We watch the seventh episode—I’m buffered. People

on the screen inhabit the room, continue my thinking. I

 

step out onto the deck, the dark. The unequivocal snow.

I could be shocked and traumatized, but not killed off mid-

 

plot—I’d have to survive till the season wraps, at least.

I watch my breath curl into cold, enfold the falling flakes;

 

picture the two of us in bed, midnight quiet as rime.
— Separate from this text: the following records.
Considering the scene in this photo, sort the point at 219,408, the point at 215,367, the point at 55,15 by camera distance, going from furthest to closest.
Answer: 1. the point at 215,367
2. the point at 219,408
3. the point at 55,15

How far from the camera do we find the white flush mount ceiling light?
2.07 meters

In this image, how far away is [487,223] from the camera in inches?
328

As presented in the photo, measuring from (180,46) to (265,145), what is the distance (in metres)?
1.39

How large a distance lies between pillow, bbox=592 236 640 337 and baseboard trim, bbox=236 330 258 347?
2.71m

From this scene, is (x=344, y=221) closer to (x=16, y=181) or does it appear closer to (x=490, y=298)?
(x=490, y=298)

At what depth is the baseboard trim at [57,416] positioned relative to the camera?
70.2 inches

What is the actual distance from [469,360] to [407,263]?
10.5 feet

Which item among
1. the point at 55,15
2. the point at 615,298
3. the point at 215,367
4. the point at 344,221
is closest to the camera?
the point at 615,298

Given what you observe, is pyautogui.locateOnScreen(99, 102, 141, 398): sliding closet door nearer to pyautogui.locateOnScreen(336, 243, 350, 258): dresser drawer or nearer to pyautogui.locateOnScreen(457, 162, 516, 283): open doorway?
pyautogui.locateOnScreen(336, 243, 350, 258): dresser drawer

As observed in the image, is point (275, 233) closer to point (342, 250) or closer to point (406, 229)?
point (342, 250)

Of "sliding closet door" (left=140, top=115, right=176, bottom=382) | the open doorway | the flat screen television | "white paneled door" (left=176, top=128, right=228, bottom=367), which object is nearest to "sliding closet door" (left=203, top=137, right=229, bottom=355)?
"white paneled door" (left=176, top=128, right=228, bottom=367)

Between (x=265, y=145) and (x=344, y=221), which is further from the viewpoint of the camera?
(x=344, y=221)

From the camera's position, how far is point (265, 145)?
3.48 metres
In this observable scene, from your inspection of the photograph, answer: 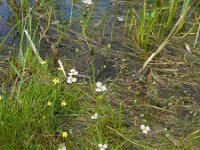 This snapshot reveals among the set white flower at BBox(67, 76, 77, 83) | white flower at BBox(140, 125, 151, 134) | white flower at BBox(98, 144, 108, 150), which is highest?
white flower at BBox(67, 76, 77, 83)

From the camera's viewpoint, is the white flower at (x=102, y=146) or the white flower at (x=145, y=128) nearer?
the white flower at (x=102, y=146)

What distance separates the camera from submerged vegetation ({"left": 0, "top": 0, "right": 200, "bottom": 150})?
80.0 inches

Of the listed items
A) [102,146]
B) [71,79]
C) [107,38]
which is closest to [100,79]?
[71,79]

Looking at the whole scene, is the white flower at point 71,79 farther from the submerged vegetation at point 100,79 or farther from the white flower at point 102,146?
the white flower at point 102,146

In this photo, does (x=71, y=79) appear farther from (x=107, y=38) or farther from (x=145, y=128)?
(x=107, y=38)

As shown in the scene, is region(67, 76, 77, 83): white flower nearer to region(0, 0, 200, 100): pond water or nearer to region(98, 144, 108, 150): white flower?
region(0, 0, 200, 100): pond water

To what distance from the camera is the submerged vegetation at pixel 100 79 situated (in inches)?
80.0

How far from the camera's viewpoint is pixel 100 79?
2.46m

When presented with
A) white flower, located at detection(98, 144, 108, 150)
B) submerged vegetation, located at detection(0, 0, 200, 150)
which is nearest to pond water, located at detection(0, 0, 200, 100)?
submerged vegetation, located at detection(0, 0, 200, 150)

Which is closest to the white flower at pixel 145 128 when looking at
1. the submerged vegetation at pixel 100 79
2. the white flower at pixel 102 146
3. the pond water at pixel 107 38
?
the submerged vegetation at pixel 100 79

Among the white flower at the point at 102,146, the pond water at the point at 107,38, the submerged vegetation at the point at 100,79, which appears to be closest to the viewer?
the white flower at the point at 102,146

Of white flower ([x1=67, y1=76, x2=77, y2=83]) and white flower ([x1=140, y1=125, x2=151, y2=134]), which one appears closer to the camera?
white flower ([x1=140, y1=125, x2=151, y2=134])

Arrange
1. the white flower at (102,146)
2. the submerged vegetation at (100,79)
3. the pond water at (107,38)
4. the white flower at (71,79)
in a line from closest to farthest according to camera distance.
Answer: the white flower at (102,146)
the submerged vegetation at (100,79)
the white flower at (71,79)
the pond water at (107,38)

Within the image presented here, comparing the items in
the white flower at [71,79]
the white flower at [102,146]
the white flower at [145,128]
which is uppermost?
the white flower at [71,79] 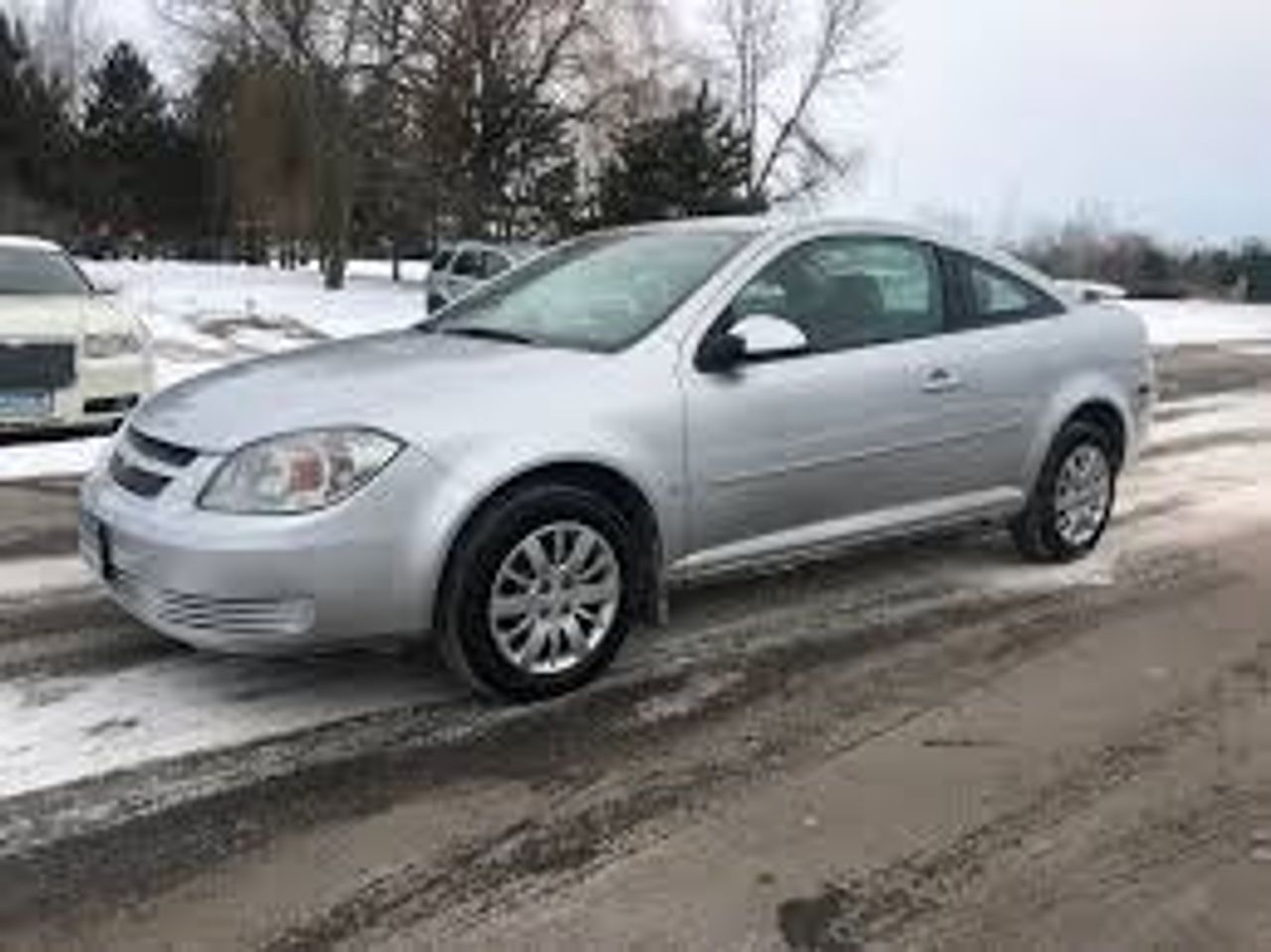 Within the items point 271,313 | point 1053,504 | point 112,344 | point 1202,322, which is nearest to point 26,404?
point 112,344

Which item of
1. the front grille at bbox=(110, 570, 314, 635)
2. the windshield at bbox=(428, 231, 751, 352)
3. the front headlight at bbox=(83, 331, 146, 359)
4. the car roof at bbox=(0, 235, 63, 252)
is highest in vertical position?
the car roof at bbox=(0, 235, 63, 252)

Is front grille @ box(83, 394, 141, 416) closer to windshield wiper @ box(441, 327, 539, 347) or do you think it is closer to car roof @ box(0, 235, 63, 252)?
car roof @ box(0, 235, 63, 252)

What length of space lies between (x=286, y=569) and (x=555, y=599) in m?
0.87

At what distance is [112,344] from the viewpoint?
1145 cm

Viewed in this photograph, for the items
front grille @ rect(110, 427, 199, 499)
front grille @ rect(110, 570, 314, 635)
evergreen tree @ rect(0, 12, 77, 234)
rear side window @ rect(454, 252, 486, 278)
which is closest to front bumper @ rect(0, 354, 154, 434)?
front grille @ rect(110, 427, 199, 499)

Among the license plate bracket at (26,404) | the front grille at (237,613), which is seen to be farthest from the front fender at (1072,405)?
the license plate bracket at (26,404)

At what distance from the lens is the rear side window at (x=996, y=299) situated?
742 cm

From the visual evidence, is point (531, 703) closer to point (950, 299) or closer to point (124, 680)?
point (124, 680)

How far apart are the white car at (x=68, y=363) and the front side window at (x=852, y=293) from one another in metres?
5.82

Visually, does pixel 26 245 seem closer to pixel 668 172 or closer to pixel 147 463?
pixel 147 463

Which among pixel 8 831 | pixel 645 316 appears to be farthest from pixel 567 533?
pixel 8 831

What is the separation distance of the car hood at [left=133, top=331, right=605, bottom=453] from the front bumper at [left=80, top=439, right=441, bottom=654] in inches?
6.4

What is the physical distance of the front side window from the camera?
669cm

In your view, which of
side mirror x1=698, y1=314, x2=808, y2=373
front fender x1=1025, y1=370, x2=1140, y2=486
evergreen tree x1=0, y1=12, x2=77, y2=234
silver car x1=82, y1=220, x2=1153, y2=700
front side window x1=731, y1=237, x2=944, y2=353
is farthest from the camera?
evergreen tree x1=0, y1=12, x2=77, y2=234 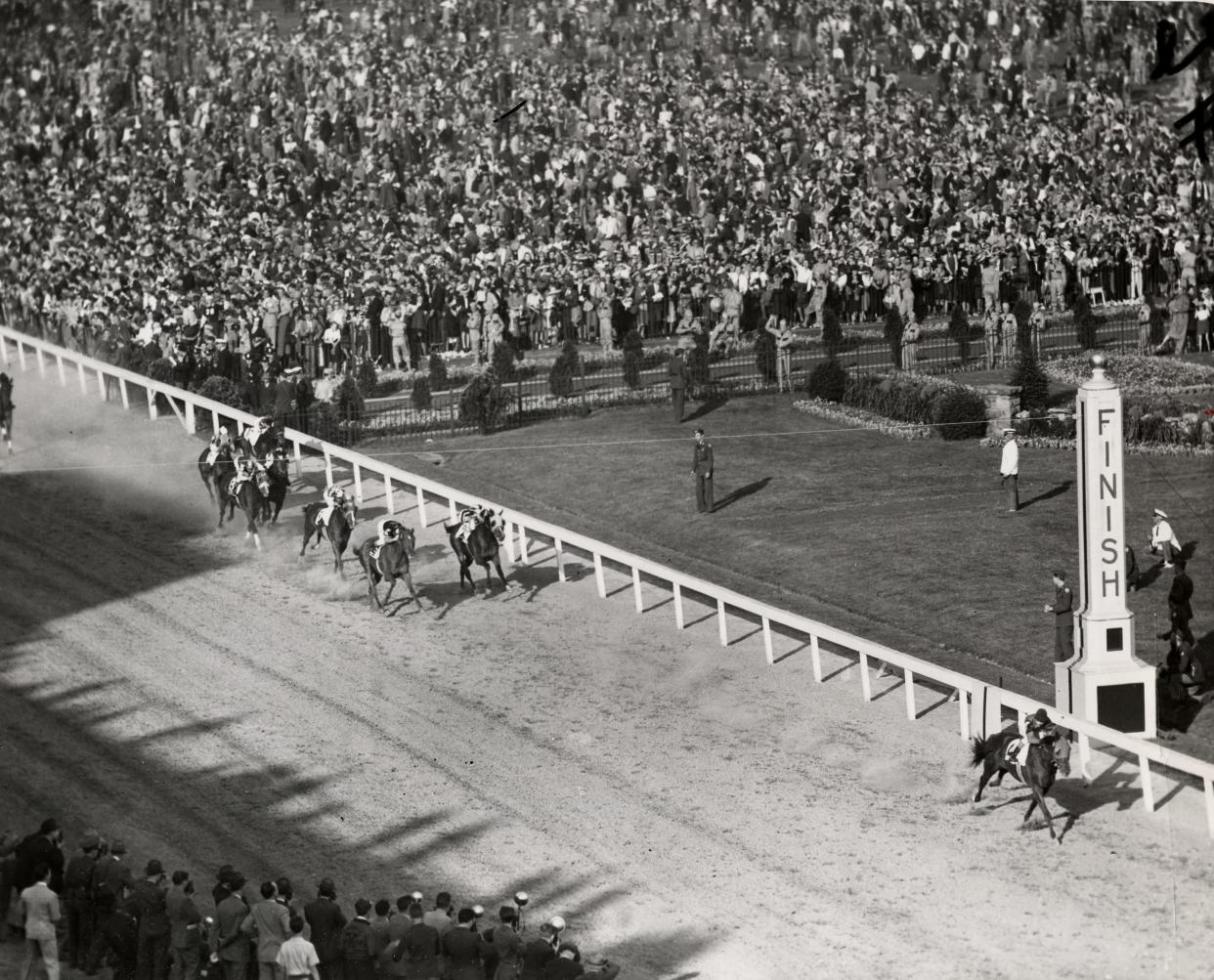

You’re rolling the flannel blanket between your thumb

 

and index finger like an infant in his crib. I’m reading to you—

a Nordic story. Same thick book I’ve been reading to you

 

for years. You know it’s about a poet but you never remember

his name. Enough to hear my voice and feel my foot against

 

your calf. I wriggle and puff the blanket up; you grunt

and flatten it back, complain that I am letting in the cold.

 

Maybe it’s so. We’ve generated rituals—soft drugless soporifics.

 

—These might be signs as well by which we’ll recognize each other

in a deeper future sleep: There is no light where that is, so we’re eyeless




Elana Wolff

levelheaded: World Light

 

In this poem’s first five lines or so, the speaker imagines her life defined by the borders of a television episode. She won’t “be killed off mid- / plot.” She will “survive till the season wraps, at least.” These moments of soft comedy begin to develop the speaker’s penchant for hopeful yearning (and her understanding that in real life she could be “killed off” at any moment). They also point out the deep, foundational influence art can have on us. The poem isn’t a social critique (at least not entirely), but it starts with the speaker using television as a scaffold on which her own emotional life is built. Subtly, the speaker asks, “How can we expect our output to resemble anything but our input?”

 

The scene that follows – of two longtime lovers in the moments before they sleep – is less colored by the earlier television scene, but it’s still tied to the limits of our imaginations as readers. She asks us (or whoever her addressee is) to “picture the two of us in bed.” This is a brilliant device that lets the scene that follows be either real or invented. We can’t be sure whether we’re seeing an actual event or a purposefully detailed invention. And in a sense, all poems are purposefully detailed inventions. Just as the television episode gave her life a few moments of artificial context, this poem frames a few moments of life with the artifice of a poem.

 

The poem is written in couplets – all except for one line. At that line, the speaker shifts from a narrative about bedtime rituals into speculation. She shifts from considering the past or present into thinking about the future. It takes no big leap to read the “deeper future sleep” as death. The speaker hopes that these “signs,” these “rituals” will transcend time and space. She gives sketches out the almost magical way a billion tiny domestic moments coalesce into a life, and she hopes these moments will exist after life too. That hope is dashed with the poem’s final phrase, “There is no light where that is, so we’re eyeless,” in which she seems pretty sure the “deeper future sleep” will be all darkness but also admits she is “eyeless” to see or understand it.

 

That’s where the title comes in. The “World Light” of this poem is a soft glow. It’s the halo of twitching light from a television that’s been left on after falling asleep. And it’s very possibly the only light we’ll ever see, so it’s worth turning toward whoever’s laying next to you and noticing, enjoying, thinking about all small things you recognize in each other – because you never know.